Le pouvoir de l’argent permet-il tout ? Oui ! Prenons, par exemple, Elon Musk qui décide de créer une galaxie de satellites qui tournent autour de la terre au détriment du bien commun…
Une chasse à l’homme : quelle proposition indécente ! Doit-on la comprendre comme un déclic nécessaire à une remise en question ? Des propositions indécentes, ce sont les gens qui vendent leurs organes vitaux. Dans mon roman, à partir du moment où Skender accepte la proposition de l’idée de mourir, il est déjà mort, en dehors du monde des vivants. Un choix tel que celui-là remet tout en question, comme une expérience de mort imminente. Ça change le point de vue.

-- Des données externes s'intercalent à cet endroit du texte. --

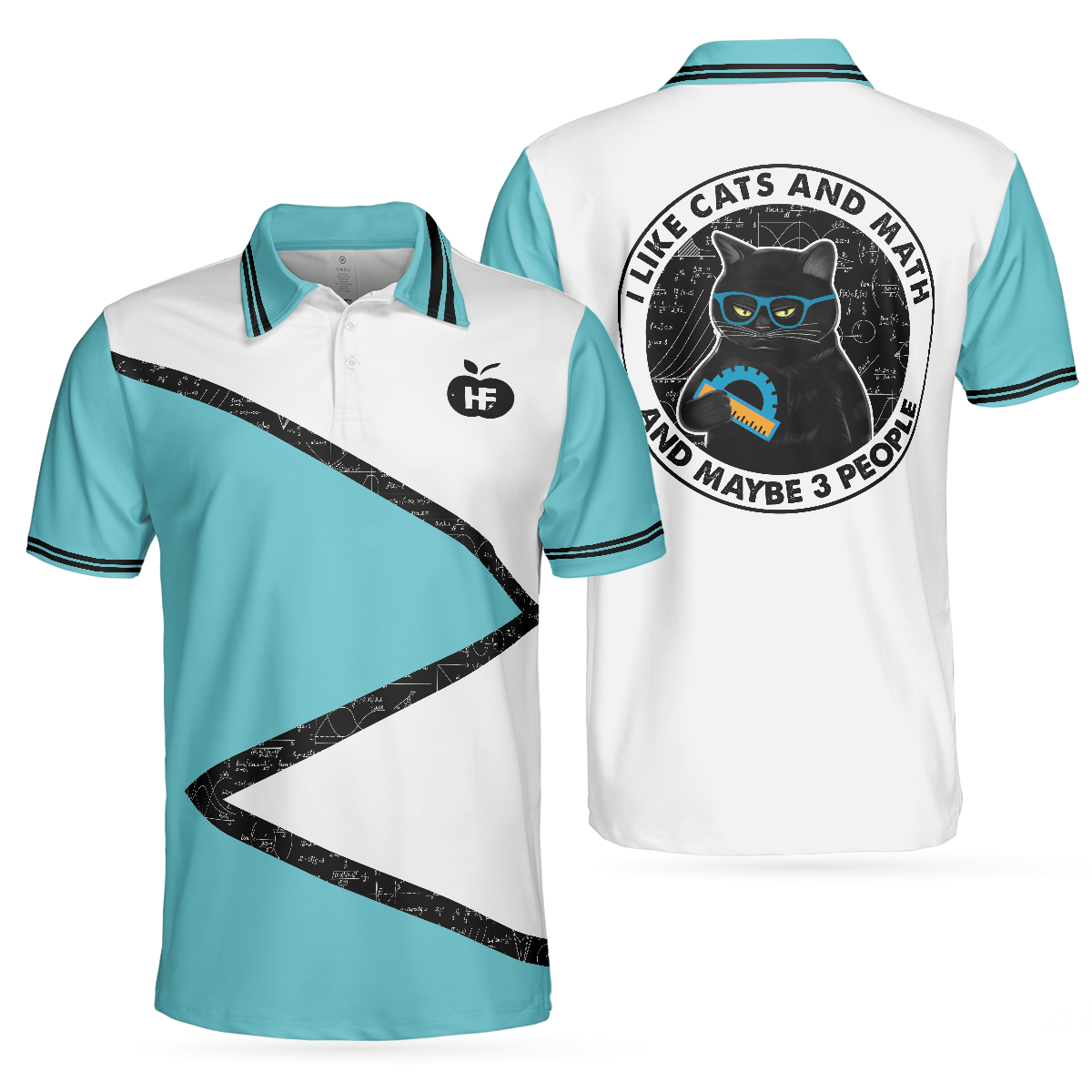 I Like Cats And Math And Maybe 3 People Polo Shirt - Hyperfavor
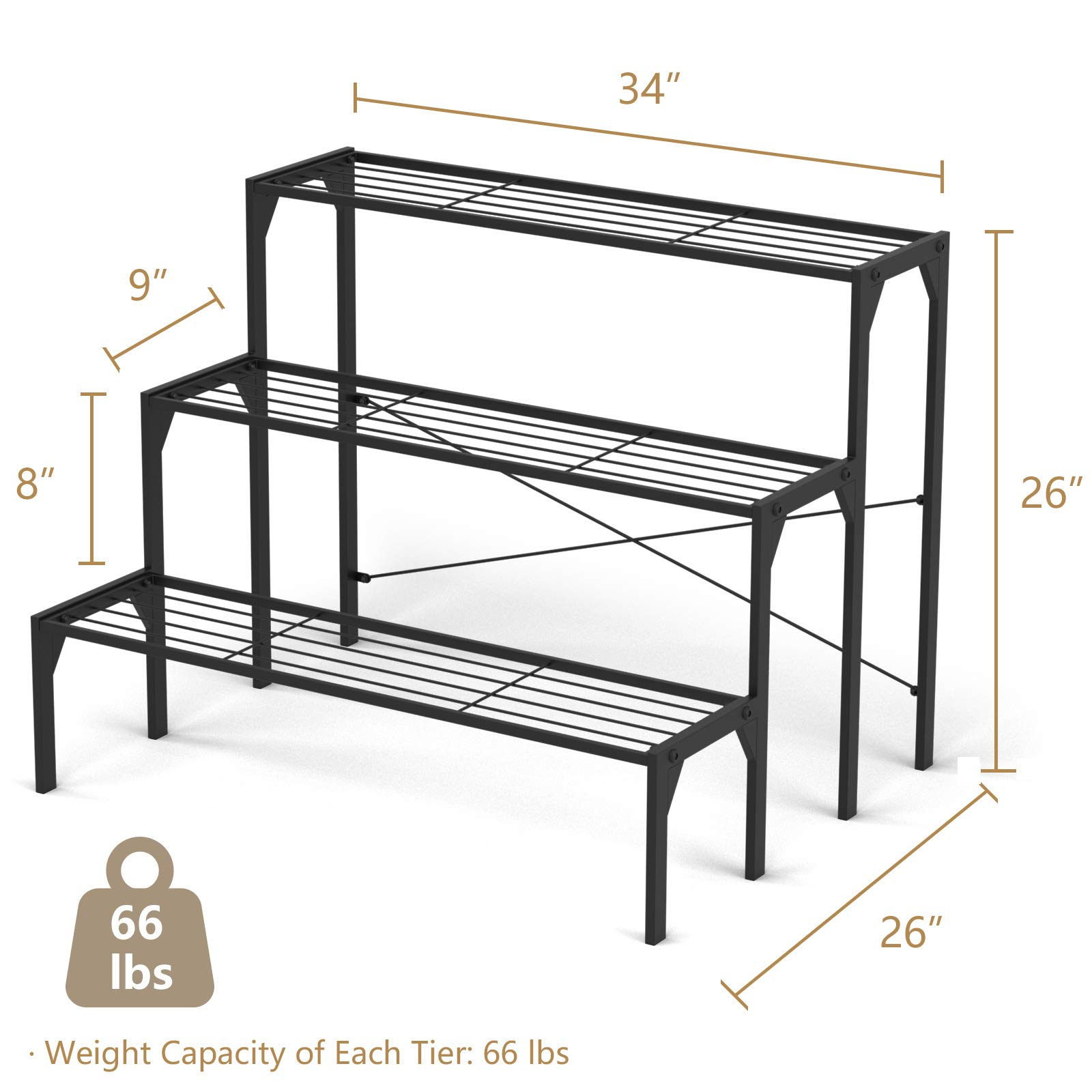 Giantex 3 Tiers Metal Plant Stand, Ladder Flower Pots Holders 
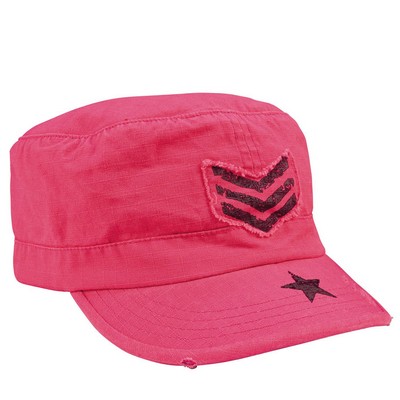 Women's Vintage Pink Adjustable Fatigue Cap w/ Black Stripes & Star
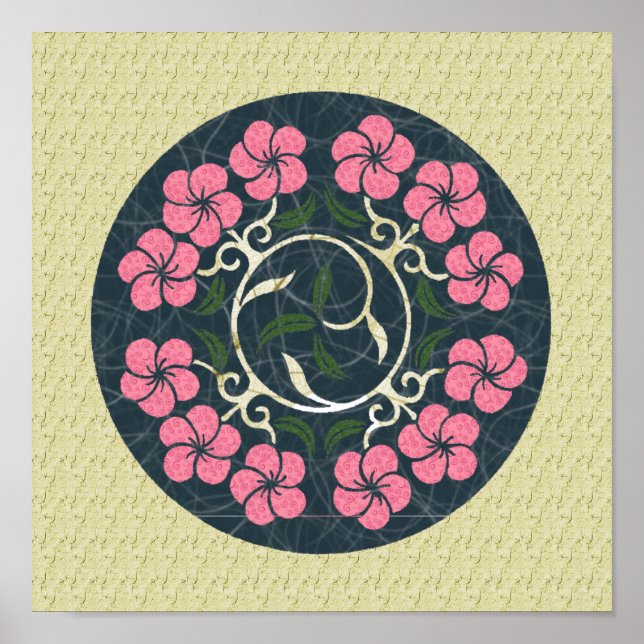 Diseño De Arte Floral Azul Y Rosa (Frente)
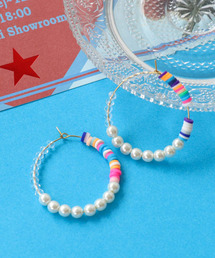 マルチチップ×パールフープピアス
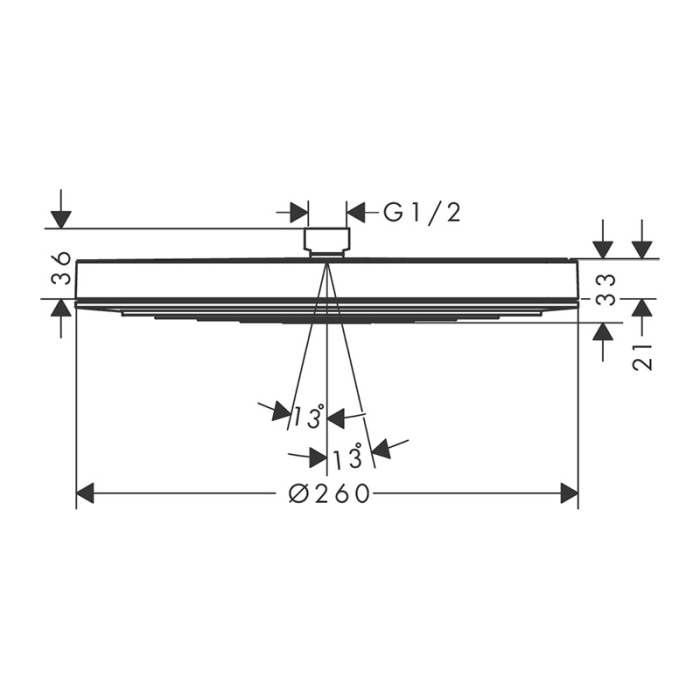 Palarie de dus, Hansgrohe, Pulsify S 260, 1 jet, negru mat [2]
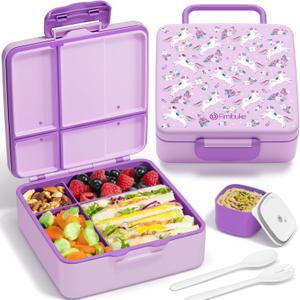 Fimibuke Bento Lunch Box for Kids, Leak Proof Toddler Bento Box with 4 Compartments BPA Free Dishwasher Safe Lunch Container with Utensils, Ideal Portion Sizes for Ages 3-12 Girls Boys for School (A17. Purple Unicorn)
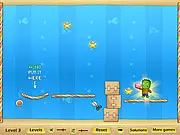 Feed With Brains free online zombie puzzle game screenshot, guiding a brain to Mr. Choper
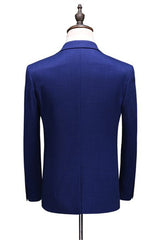 Chic Slim Fit Navy Blue Notched Lapel Wedding Tuxedo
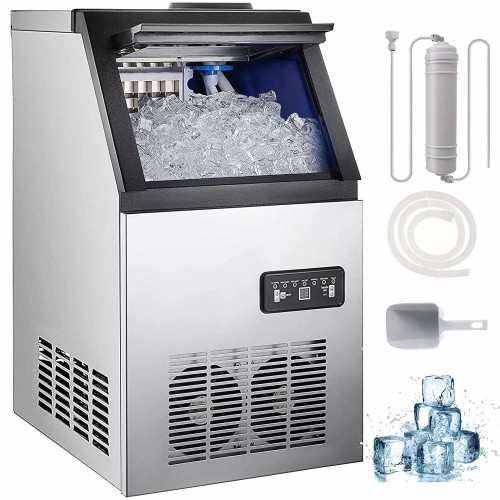 Commercial Ice Cube Maker Machine 58Kg Undercounter - 12kg Storage Bin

Jusqu’où peut-on aller pour assurer le bonheur de ses enfants ? Certains sont prêts à mourir et iront très loin pour le bonheur de leurs enfants. D’autres, pas du tout. Le bonheur des enfants reste très théorique. Constatez par vous-même le nombre de crimes incestueux et d’agressions sexuelles. Ces gens-là mettent leurs enfants au service de leur propre bonheur.
Si vous deviez nommer Madame, cette femme traumatisée par une enfance volée, passionnée par l’art et la chasse ? Peut-être Agnès comme la jeune fille innocente, élevée par Arnolphe, dans « L’École des femmes ». C’est en partie cette pièce de Molière qui m’a inspiré le personnage de Madame.
Peut-on renoncer à tout par amour, comme certains de vos protagonistes ? Oui, on peut renoncer à tout par amour. Se remettre en question profondément par amour, par amitié, par changement de point de vue sur le monde.
« Les tourmentés » se veut-il un roman sombre d’apprentissage ? Oui, un roman d’apprentissage paradoxal car il ne concerne pas des enfants ou adolescents mais des adultes. Des adultes qui ont eu des enfances fracassées, des adolescences volées. Des adultes pas complètement formés, mûrs. Il faudra des événements extrêmes pour qu’ils deviennent des adultes accomplis.
Prévoyez-vous de mettre en scène votre roman ? Je l’espère, je travaille actuellement sur son adaptation pour le cinéma.